NOTE: the individual bars are scented while the 10 lb block (which you can cut into your own bars) is unscented.
BEST SULFUR SOAP FOR ROSACEA
Topical application of sulfur is approved by the FDA for rosacea. Although it’s not entirely clear how sulfur actually works, some experts think that it has an anti-inflammatory effect.
Overall, topical use of sulfur has been found to reduce inflammatory lesions and (redness) of papulopustular rosacea. In addition, for people who have a mix of rosacea and facial seborrheic dermatitis (which causes flaking and itching), sulfur also seems to provide relief from the dermatitis (source).
Sulfur soaps or cleansers can be obtained over-the-counter or from your doctor (for prescription strength). Below are two over-the-counter options you can investigate for yourself.
1. Heritage Store’s Hot Springs Sulfur Soap
This soap uses olive, coconut and palm oil as its fat sources. It is also infused with sulfur, yellow mustard powder, safflowers (or American saffron), sea salt and rosemary leaf extract.
2. Grisi Sulfur Soap
With 10% sulfur, this soap is one that some rosacea users swear by on some online forums.
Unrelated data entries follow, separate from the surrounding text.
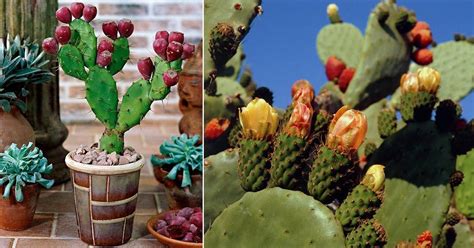 Care And Growing Prickly Pear Cactus How To Grow Prickly Pears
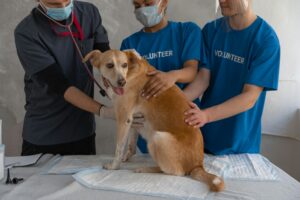5 Penyebab Anjing Sakit Saluran Kemih dan Cara Mencegahnya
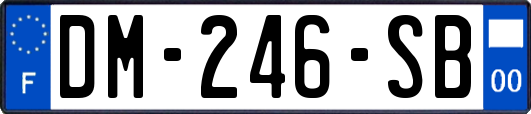 DM-246-SB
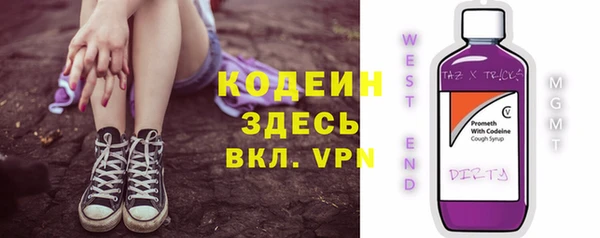 индика Абинск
Although the higher amount of sulfur makes it more potent, it may also be too harsh for some people.
FAQs ABOUT THE BEST SOAP FOR ROSACEA
What should I wash my face with if I have rosacea?
A gentle natural soap or a soap-free cleanser is generally better for rosacea. In addition, some people with rosacea find that oil cleansing or washing with honey, also provides relief.
Oil cleansing might help some people because it doesn’t strip the skin of its natural oils. In fact, the oils help to restore balance to the skin barrier.
As for honey, it’s anti-inflammatory properties can be very soothing to the skin. In addition, it contains small amounts of vitamins and minerals that may soothe the skin with regular use.
Is Dove, Cetaphil or Cerave okay for rosacea?
According to a paper published in the Journal of Clinical and Aesthetic Dermatology, Dove’s sensitive skin bar, Cetaphil’s Gentle Skin Cleanser and Cerave’s Moisturizing Lotion seem to improve some aspects of skin health in rosacea patients.
However, the paper also notes that the studies done so far have been small and therefore, there is a need for larger studies that are run under conditions that are more scientifically reliable (i.e. randomized, double blind studies).
In addition, the Dove soap was tested together with metronidazole (an antibiotic). So, it’s not clear if the improved skin came from the Dove soap or the antibiotic.
Rosacea is a multifactorial skin condition that some experts believe must be tackled both externally and internally (some would say mostly internally).
So, while changing your soap may not fix your skin overnight, the right soap can support the overall health of your skin and reduce physical irritation that could trigger flare ups.